What confounds most is that our religious clerics, who are so particular about the utmost cleanliness and ablutions before prayer, don’t feel concerned enough to address the difficulties women face in meeting these standards, by having the men of their flock taking action.
“No toilet, no bride”
A ‘neighbour’, the Union Rural Development Minister, Jairam Ramesh, has the right idea. He created quite a hullabaloo recently when he said that there were more temples than toilets in India. He then advised women in general not to marry into families that didn’t have toilets in their homes. Instead of just consulting the astrologers for an auspicious date to get married on, he said, they should first check out whether there was a proper toilet in the prospective future home. In fact, the Haryana government had already coined the slogan: “No toilet, no bride”. It would be worthwhile for our NGOs to take a cue from him, since our government is unlikely to.
The economical, sealed latrine which can collect waste for a year – found even in the rural areas of America where there isn’t another house for miles around – then closed up for another year during which time the waste converts safely into odourless soil, is actually rich fertilizer. The Baldia Project of Dr. Qurutal Ain Bakhteari, demonstrated its healthy practicality and got people to adopt it decades ago. The Orangi Pilot Project, started by the late Dr. Akhtar Hameed Khan, continues doggedly with it where applicable.
The government only needs to make toilets compulsory for every family, but also compulsorily extending easy, interest-free credit – which should also be a right since all resources ultimately belong to the people – to construct it. In fact, home building should start with the toilet.
What does it say of a country where there are fewer toilets than cell-phones? As in Pakistan, where over half the households have cell-phones, but less than half have toilets. In Pakistan, most government schools don’t have toilets either, or they are clogged up and don’t work. Which is why girls tend to stop going to school when they reach puberty. That fear of rape prevents many women and girls to venture out into the fields at night, with serious health consequences. And toilets in most factories, offices and government offices are not fit to go to either – except those reserved exclusively for senior-most personnel.
A decent toilet means less-stressed women and girls, thereby healthier and more productive. And when they don’t have to fret about the next unavoidable trips, they are able to start thinking of other priorities in life, such as better food and shelter, health services, recreation, dreams.
Another kind of charity
If anyone honestly wants to be charitable towards a poor family, say, towards the domestic help at home, the nicest thing one can do is to first check out whether she or he has a toilet and a water connection where they live; and if not, then to provide either or both. It would benefit the entire family, enabling them to live cleaner, healthier, lives, performing better and experiencing a new-found self-respect and confidence about themselves and their future.
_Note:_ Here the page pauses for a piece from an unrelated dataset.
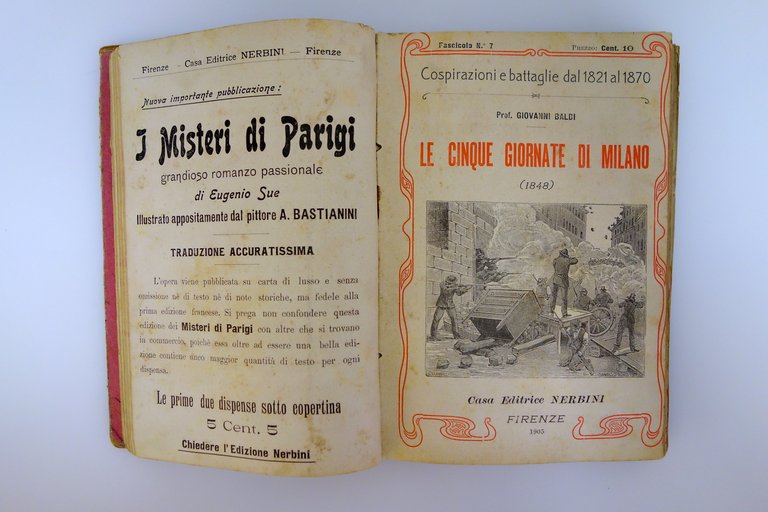 24 Fascicoli Cospirazioni e Battaglie 1821-1870 Nerbini 1905 Risorgimento Raro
It has been suggested that our rulers and local political representatives deserve to be invited to all-day ‘melas’ and vegetarian feasts (all they can afford) by underserved villages, without making any arrangements for toilets whatsoever, except what locals use, so they can learn from personal experience. But it has also been pointed out that they would simply flee in their Pajeros to the nearest government guest-house to answer the call of Nature.
Toilets for development
The current advice for development trainers is to go directly to villages and engage directly with the villagers on the importance of proper sanitation. And to help or teach them to construct appropriate toilets on both supported and self-help basis. People have done it and are doing it all over the world. Also urgently needed is a better understanding of ecology to be incorporated into school and college curricula – to comprehend that human waste is not eternally waste, but simply a stage in a continuous cycle. That it returns to its original constituents as soil and nutrient-rich natural fertilizer. That it is just a matter of proper management for which many locally-appropriate technologies exist that do not need World Bank/IMF loans or Bill & Melinda Gates Foundation to cripple us with.
At least one and a half billion persons have to use the outdoors as their toilet, and of all the social targets, sanitation figures almost nowhere. It is shameful that more than half our brethren are victims.
So instead of waiting for some government – we have waited 65 years already with no luck – an additional angle is called for by NGOs, especially women’s NGOs. To act on the violence inflicted on the bodies of women and children from lack of toilets and water, as much as on income-generation skills and leadership trainings. And to offer their votes in exchange for a toilet for every home. No matter what people do, they still have to go to the bathroom.